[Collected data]
Start of Block

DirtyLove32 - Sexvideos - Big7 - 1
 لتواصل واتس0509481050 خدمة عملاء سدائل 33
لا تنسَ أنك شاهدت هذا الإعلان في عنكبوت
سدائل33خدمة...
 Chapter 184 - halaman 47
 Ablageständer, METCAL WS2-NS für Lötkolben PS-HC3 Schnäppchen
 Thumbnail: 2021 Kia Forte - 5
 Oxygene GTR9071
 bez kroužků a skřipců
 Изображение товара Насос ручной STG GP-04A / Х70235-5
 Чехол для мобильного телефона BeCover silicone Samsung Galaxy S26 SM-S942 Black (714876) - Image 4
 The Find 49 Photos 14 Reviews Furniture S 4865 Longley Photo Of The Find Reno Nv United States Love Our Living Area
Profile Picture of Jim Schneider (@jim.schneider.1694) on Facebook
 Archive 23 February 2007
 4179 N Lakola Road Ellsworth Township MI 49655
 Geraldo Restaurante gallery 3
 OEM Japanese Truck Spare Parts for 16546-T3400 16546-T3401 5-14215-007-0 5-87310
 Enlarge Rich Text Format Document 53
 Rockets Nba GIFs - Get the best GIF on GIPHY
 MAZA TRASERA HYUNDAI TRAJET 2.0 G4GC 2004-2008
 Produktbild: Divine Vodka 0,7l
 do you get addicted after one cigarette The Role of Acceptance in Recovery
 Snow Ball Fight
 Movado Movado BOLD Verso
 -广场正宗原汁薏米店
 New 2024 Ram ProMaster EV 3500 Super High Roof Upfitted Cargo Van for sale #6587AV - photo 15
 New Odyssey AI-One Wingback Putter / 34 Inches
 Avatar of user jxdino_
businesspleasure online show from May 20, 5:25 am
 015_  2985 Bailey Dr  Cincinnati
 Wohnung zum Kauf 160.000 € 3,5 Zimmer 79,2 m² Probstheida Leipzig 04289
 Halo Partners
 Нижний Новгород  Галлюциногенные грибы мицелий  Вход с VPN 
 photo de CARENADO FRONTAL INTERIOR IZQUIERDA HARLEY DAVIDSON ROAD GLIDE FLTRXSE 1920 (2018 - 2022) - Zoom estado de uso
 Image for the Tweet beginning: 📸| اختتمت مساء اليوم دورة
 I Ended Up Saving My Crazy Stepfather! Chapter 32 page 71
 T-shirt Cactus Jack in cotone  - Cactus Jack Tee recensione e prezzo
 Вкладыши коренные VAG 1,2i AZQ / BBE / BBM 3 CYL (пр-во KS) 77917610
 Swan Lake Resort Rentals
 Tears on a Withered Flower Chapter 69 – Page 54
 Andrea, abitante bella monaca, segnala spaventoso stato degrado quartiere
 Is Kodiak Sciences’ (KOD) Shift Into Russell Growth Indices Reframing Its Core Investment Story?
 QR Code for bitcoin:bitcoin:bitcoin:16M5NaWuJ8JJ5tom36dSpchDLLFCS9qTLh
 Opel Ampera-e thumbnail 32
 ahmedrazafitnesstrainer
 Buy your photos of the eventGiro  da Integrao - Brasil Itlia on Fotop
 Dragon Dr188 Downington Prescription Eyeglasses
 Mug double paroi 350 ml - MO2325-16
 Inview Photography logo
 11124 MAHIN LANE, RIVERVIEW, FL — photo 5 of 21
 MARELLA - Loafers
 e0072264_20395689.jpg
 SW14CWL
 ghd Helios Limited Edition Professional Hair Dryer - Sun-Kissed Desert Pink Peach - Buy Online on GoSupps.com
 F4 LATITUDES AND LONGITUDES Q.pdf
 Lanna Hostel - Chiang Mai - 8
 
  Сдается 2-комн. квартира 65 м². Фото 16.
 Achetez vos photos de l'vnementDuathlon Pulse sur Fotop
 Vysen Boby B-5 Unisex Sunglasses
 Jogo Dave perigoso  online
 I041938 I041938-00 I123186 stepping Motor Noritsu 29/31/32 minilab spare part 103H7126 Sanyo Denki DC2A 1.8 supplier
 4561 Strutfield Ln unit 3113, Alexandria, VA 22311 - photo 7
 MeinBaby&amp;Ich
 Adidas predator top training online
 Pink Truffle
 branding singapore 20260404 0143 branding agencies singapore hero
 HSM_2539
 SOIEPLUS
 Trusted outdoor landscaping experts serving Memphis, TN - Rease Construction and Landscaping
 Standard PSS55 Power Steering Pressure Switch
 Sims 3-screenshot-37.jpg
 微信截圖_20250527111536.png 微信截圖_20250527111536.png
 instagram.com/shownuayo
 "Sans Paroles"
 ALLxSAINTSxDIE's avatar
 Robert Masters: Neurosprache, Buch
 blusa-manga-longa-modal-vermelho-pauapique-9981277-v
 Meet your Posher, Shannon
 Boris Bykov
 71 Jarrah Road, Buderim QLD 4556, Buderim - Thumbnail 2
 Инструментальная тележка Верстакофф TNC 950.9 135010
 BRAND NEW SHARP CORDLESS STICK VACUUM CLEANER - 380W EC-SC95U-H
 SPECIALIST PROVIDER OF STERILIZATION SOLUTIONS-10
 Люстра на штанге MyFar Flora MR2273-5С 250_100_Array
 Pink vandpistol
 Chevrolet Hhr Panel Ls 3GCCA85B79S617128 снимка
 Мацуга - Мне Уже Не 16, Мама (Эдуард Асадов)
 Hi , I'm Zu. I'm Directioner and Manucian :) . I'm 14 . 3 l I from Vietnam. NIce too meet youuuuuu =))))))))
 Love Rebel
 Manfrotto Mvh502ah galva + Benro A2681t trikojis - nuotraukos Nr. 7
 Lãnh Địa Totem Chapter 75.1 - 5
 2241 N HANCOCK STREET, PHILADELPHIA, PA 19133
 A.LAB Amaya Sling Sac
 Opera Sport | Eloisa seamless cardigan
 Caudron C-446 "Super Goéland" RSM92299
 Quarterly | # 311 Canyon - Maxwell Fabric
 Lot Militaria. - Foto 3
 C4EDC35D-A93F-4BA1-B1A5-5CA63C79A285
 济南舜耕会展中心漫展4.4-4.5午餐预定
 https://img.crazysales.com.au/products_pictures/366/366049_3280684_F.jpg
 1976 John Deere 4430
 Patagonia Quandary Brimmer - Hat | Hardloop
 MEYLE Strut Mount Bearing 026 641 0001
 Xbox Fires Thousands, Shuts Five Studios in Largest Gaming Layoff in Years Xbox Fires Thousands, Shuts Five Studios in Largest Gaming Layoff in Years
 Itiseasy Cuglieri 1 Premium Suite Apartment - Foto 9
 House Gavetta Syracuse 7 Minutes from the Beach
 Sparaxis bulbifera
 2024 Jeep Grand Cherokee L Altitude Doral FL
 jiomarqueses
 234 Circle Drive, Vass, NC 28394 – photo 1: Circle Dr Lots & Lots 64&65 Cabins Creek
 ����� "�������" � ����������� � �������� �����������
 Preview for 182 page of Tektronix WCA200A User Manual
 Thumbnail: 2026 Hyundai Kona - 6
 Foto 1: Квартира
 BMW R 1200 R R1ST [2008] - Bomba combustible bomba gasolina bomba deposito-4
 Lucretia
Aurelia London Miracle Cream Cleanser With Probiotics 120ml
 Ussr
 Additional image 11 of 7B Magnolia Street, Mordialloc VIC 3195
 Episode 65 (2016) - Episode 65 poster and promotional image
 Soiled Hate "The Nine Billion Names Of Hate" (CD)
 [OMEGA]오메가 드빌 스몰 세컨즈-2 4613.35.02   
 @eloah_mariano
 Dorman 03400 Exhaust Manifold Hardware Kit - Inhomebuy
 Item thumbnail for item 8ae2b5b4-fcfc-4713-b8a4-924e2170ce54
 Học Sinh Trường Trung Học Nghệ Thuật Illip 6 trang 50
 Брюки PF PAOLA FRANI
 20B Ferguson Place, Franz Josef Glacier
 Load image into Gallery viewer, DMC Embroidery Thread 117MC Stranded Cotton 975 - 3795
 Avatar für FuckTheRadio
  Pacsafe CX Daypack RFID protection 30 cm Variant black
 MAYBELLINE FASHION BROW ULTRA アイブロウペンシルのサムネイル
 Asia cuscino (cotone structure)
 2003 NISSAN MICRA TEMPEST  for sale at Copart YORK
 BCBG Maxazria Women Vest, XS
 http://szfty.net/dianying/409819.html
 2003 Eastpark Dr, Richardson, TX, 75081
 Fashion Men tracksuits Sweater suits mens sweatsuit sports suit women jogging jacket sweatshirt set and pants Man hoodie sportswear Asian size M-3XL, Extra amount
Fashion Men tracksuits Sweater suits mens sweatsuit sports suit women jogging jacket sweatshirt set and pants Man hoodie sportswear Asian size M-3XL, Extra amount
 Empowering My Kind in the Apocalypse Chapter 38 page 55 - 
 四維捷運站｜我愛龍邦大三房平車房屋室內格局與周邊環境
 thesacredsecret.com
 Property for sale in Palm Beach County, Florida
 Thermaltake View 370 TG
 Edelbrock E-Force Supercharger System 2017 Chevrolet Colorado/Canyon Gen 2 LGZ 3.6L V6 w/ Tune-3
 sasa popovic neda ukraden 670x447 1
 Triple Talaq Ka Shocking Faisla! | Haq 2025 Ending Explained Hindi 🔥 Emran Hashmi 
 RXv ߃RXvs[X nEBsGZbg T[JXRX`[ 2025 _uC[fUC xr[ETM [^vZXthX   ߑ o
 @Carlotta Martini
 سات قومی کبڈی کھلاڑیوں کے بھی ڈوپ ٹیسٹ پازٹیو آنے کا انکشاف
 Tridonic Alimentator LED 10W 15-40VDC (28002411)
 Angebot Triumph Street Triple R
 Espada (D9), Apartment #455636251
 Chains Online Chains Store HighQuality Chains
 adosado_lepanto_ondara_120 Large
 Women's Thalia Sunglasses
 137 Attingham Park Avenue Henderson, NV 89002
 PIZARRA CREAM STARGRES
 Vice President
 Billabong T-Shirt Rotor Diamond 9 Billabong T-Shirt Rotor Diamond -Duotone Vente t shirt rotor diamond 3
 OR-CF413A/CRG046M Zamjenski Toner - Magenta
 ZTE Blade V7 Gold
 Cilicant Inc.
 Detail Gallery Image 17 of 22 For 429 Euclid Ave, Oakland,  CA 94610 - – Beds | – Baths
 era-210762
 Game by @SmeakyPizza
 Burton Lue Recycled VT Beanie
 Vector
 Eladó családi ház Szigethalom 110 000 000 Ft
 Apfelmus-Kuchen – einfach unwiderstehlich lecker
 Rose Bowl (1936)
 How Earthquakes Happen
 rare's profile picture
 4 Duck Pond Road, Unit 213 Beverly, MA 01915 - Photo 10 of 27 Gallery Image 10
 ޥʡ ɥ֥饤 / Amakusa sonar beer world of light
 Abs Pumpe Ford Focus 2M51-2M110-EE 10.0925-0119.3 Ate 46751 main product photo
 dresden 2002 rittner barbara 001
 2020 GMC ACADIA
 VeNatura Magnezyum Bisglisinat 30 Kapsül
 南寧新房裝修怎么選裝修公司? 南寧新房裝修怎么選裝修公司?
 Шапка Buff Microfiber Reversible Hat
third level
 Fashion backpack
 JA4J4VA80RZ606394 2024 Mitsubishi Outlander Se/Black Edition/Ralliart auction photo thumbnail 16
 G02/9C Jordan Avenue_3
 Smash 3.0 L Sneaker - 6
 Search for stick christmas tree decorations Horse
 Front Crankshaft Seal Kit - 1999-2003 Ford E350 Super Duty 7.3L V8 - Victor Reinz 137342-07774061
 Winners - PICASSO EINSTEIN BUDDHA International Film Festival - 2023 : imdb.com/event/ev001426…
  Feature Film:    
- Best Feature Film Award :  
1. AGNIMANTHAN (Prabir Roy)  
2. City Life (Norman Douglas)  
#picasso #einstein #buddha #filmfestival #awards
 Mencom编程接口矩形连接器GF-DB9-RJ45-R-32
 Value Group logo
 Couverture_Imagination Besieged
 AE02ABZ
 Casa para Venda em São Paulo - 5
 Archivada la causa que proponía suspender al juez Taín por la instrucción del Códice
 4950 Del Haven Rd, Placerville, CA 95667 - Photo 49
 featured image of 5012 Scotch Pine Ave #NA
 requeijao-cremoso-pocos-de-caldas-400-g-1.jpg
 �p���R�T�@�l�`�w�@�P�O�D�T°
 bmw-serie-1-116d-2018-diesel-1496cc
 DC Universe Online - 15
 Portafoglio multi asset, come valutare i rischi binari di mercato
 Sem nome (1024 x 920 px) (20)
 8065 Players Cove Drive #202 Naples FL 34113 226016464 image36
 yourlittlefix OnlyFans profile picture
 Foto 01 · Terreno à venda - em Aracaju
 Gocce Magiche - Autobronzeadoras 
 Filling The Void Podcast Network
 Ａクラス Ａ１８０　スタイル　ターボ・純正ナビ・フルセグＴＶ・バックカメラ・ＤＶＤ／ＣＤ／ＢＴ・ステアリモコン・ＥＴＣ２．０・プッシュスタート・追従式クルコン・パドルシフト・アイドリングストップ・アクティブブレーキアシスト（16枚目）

End of Block

> PROBLEM TO SOLVE: Write out an exact transcription of the line with "Filling The Void Podcast Network" and of each line after it; stop at the end of the records.

> ANSWER SECTION:
 Filling The Void Podcast Network
 Ａクラス Ａ１８０　スタイル　ターボ・純正ナビ・フルセグＴＶ・バックカメラ・ＤＶＤ／ＣＤ／ＢＴ・ステアリモコン・ＥＴＣ２．０・プッシュスタート・追従式クルコン・パドルシフト・アイドリングストップ・アクティブブレーキアシスト（16枚目）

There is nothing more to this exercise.